April 22, 2012

Unraveling Knots

Posted by Megzy at 4/22/2012
"And then she understood the devilish cunning of the enemies' plan. By mixing a little truth with it they had made their lie far stronger" ~ The Last Battle C.S. Lewis

Far too long I've been believing my life doesn't matter.  Far too long I've forgotten that I'm not in this game of life alone.  I'm still incredibly gun shy, but I believe there is a reason for everything I've endured just as I believe there is a reason we all go through hardships.

A verse that comes to mind over and over again from the time that I was a young Christian is:

"Am I now trying to win the approval of men, or of God? Or am I trying to please men?

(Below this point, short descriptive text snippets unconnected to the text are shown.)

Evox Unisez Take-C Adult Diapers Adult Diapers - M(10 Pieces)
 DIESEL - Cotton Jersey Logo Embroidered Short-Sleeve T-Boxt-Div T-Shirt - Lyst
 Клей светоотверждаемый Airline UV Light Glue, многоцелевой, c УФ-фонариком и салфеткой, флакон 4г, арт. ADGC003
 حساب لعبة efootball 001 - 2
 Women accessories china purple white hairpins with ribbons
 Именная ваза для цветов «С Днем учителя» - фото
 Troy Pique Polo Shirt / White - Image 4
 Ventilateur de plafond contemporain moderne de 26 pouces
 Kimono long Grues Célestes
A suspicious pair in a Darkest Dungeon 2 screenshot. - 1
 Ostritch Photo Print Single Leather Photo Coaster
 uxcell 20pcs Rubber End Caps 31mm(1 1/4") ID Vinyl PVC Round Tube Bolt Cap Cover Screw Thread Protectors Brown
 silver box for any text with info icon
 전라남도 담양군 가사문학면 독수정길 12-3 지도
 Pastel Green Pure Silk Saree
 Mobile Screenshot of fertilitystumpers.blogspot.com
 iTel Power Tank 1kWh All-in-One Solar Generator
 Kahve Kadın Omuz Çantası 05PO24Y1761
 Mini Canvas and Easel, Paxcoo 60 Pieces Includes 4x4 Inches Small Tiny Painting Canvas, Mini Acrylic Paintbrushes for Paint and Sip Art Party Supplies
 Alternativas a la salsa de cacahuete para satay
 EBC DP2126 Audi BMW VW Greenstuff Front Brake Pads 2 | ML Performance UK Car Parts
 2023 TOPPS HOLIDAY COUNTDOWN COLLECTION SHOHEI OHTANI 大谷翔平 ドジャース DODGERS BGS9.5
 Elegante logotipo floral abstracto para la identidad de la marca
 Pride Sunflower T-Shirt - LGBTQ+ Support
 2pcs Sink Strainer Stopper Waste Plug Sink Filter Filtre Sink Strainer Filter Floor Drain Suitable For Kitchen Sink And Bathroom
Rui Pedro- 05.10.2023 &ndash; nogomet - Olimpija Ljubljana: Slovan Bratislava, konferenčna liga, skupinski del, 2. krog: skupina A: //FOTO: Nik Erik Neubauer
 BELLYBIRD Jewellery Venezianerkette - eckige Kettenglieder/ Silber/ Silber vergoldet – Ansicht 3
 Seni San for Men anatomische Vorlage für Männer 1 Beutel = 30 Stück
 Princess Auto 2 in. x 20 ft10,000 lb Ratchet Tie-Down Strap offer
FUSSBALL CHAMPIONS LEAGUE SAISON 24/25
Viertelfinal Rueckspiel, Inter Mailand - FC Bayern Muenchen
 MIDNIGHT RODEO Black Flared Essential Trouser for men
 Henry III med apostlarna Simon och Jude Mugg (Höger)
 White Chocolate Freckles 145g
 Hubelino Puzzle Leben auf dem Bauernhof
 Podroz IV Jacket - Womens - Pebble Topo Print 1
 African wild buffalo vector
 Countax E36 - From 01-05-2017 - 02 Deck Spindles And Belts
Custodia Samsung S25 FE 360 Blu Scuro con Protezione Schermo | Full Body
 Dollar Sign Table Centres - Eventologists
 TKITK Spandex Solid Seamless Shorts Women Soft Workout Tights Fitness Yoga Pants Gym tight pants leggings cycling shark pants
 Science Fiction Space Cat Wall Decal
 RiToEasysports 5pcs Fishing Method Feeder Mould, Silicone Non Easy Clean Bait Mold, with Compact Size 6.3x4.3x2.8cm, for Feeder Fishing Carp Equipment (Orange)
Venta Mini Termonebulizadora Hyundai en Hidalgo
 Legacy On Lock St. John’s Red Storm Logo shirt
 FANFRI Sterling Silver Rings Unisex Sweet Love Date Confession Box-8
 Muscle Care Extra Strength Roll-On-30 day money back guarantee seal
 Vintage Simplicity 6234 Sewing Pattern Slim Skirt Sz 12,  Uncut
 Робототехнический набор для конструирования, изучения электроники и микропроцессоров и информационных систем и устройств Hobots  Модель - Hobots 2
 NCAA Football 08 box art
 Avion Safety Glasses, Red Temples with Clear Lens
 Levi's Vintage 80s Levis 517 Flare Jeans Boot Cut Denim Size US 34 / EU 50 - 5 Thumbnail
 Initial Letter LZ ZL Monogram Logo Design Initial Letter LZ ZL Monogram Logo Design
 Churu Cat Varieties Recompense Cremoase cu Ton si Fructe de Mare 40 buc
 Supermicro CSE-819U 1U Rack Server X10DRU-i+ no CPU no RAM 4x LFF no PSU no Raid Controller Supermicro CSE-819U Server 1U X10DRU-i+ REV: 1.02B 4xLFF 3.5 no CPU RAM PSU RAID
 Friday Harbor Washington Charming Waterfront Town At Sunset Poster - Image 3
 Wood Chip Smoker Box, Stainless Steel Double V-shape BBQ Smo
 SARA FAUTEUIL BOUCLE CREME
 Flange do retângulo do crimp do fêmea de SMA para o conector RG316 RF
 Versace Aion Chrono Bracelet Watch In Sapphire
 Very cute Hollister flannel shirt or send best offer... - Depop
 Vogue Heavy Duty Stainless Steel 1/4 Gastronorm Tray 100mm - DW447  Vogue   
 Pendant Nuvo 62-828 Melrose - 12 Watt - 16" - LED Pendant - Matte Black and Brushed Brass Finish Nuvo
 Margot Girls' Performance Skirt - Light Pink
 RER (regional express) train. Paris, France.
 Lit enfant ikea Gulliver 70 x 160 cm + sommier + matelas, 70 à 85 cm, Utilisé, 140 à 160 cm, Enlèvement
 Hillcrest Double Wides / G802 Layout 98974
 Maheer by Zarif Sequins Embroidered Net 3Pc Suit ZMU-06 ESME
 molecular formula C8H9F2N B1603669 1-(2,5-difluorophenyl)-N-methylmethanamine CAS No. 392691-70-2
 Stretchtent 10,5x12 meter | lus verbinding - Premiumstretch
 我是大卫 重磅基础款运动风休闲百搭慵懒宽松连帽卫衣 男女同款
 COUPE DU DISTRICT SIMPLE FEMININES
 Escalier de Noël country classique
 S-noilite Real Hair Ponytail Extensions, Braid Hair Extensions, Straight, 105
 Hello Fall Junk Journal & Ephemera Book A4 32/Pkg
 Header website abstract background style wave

If I were still trying to please men, I would not be a servant of Christ." ~ Galatians 1:10

Man, I'm a bad people pleaser.  Not as bad as I use to be, but it still seems to be an innate trait that won't go away.  I want to be liked and I want others to know that I like them.  I use to try so hard to find SOMETHING good about others even if they annoyed the crap out of me because I desperately didn't want to be rejected.  My altruistic service to others was coated in a fine sense of selfishness.

For whatever reason, every trial in my life has left me alone.  It has left me with little to no support.  It has left me with the sense of rejection and the thought that I have to deal with life all on on my own.

I get so wrapped up in my situation, that I forget the truth...the truth that we're never truly alone.  Even when people hurt you (which inevitably will happen - we're all human and we all make mistakes), God never forsakes us.

Why have I forgotten this truth?  Why have I failed to realize that I'm not alone?

Because the enemy is so crafty.  The enemy has a way of taking bits of truth and twisting them to where the lie seems to be nothing but reality and nothing but absolute truth.  It's like a string that becomes so twisted and manipulated that it's hard to find where the truth begins and where the lie ends.  It becomes a big ol' tangled mess.

My life has felt like a big ol' tangled mess for a really long time.  I've been so focused on this knotted up string of lies in my mind and moods that I forget that God has every capability and want to unravel what my feeble self cannot manage.

I want to learn things fast and want to do them now.  However, unraveling knots takes both time and patience.

1 comments:

Rich on April 23, 2012 at 9:09 AM said...

Seeing beyond the looking glass is what I believe you are starting to experience.